Il y a aussi la question de la cohabitation. Montréal a la chance d’être une destination touristique. Dans Saint-Jacques, il y a le Quartier des spectacles, le Vieux-Montréal et le Village. En plus, c’est une zone de transit pour passer de la maison au boulot, pour prendre les ponts. Bref, ça circule beaucoup. Faut que les gens qui traversent ce quartier réalisent que les maisons, les façades, ce ne sont pas des décors de cinéma, y’a du vrai monde dedans. Faut gérer cette cohabitation.
Une des techniques pour se faire élire, c’est d’aller voir les gens. Vas-tu vraiment faire du porte-à-porte?
Oui, et j’ai hâte d’en faire! Depuis que j’ai annoncé ma candidature, tu pourrais pas croire à quel point je me fais arrêter sur la rue. Au Sky, les gens viennent me parler. Sur les terrasses rue Sainte-Catherine aussi. Les gens sont très polis.

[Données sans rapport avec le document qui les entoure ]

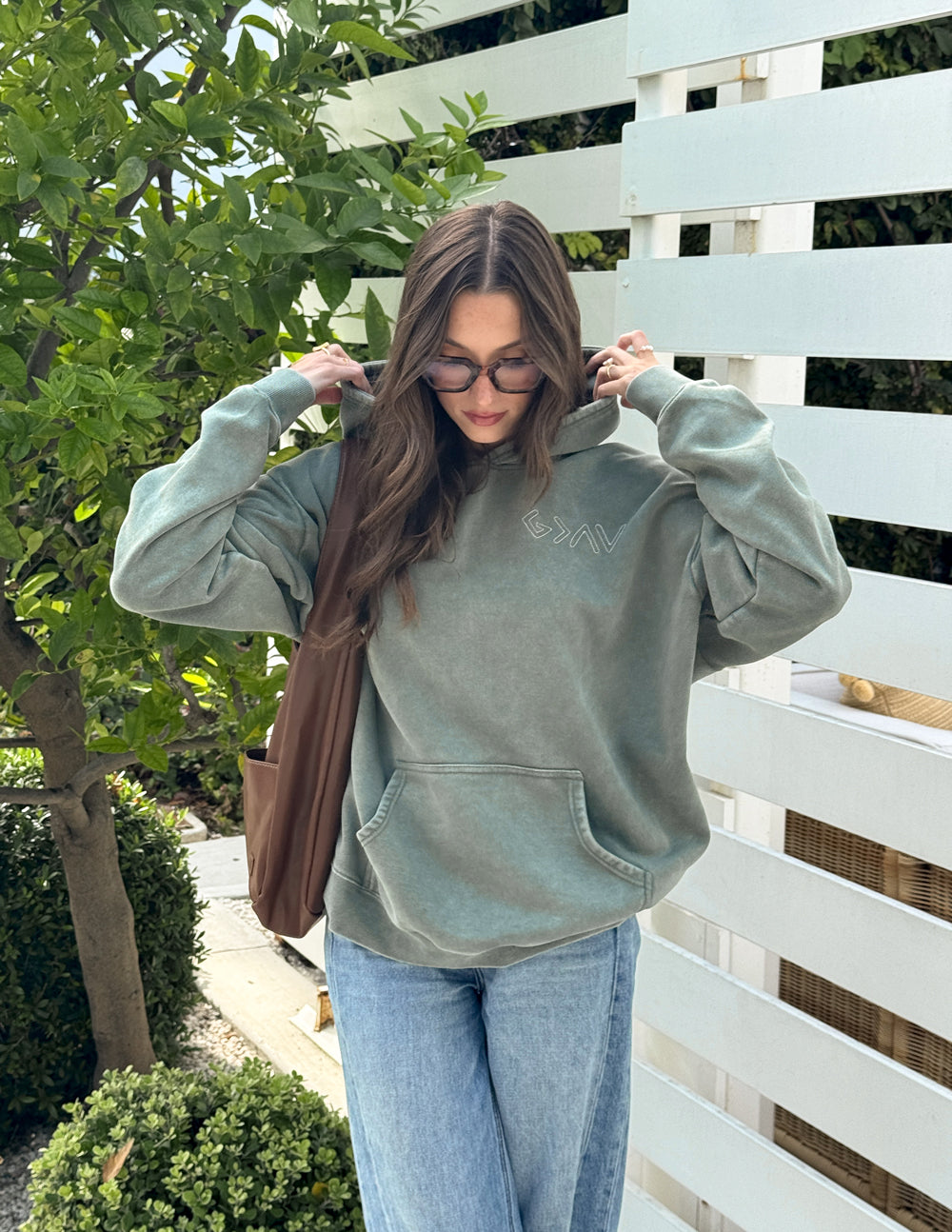 God Is Greater Unisex Hoodie in Moss - Heavyweight Embroidered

Sur ta page Facebook, par contre, j’ai lu des commentaires pas toujours très polis…
Certains ne sont pas contents que je me présente dans l’équipe de Denis Coderre, ils ne voient pas le match. Moi, je le vois.
Pour terminer, si je te demande de me donner un bon titre pour coiffer cet article, tu me proposerais quoi?
Un bon titre pourrait être « Une autre manière de servir le public ». Quand on travaille pour Radio-Canada, en journalisme, on a à cœur le service public, parce qu’on peut intervenir dans la société, faire changer des choses. Ça n’arrive pas souvent dans une carrière de journaliste que tu peux faire changer des choses. Mes collègues de l’émission Enquête l’ont fait beaucoup avec leurs topos sur la corruption. Moi, y’a vraiment un dossier que j’ai couvert et dont je suis très fier : si aujourd’hui tu vas voter et qu’on te demande tes papiers d’identité, c’est en partie grâce à mes reportages. J’ai démontré qu’il y avait eu une fraude électorale dans Anjou, en 1998, et qu’on avait payé des électeurs pour voter. Ça a mené à une loi sur l’identification obligatoire pour l’électeur. C’était déjà dans l’air, mais ça a accéléré le processus.
Merci Philippe et bonne campagne électorale!